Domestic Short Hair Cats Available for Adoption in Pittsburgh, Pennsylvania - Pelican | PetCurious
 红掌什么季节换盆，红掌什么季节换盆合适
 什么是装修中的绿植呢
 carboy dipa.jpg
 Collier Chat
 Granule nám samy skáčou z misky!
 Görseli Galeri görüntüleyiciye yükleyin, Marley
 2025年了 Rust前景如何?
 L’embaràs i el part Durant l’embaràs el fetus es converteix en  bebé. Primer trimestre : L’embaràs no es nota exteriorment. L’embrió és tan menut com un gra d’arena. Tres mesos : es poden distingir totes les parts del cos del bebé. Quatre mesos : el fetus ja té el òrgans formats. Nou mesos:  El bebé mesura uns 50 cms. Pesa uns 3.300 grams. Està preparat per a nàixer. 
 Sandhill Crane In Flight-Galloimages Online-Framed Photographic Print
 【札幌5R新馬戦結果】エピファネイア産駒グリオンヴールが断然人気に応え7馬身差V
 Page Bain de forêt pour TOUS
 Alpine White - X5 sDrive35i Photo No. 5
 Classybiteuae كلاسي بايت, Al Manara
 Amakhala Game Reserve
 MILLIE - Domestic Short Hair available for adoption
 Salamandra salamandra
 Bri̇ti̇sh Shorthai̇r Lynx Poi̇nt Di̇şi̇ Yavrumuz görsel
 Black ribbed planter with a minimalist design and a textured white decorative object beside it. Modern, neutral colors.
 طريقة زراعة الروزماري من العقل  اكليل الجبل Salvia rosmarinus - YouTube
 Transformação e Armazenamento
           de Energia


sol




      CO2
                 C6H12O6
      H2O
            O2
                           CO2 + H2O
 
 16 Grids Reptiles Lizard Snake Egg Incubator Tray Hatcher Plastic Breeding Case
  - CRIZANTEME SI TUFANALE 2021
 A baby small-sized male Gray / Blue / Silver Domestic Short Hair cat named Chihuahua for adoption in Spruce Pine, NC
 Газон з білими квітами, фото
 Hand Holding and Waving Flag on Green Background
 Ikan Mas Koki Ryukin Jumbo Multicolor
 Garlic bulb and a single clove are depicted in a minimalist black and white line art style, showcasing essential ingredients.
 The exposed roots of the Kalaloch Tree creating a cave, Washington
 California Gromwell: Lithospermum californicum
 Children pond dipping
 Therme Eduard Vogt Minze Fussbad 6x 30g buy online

★ ★ ★ ★ ★

Required work -
If a line in the data above holds the string "Hair", copy it.

Reply to the exercise -
Domestic Short Hair Cats Available for Adoption in Pittsburgh, Pennsylvania - Pelican | PetCurious
 MILLIE - Domestic Short Hair available for adoption
 A baby small-sized male Gray / Blue / Silver Domestic Short Hair cat named Chihuahua for adoption in Spruce Pine, NC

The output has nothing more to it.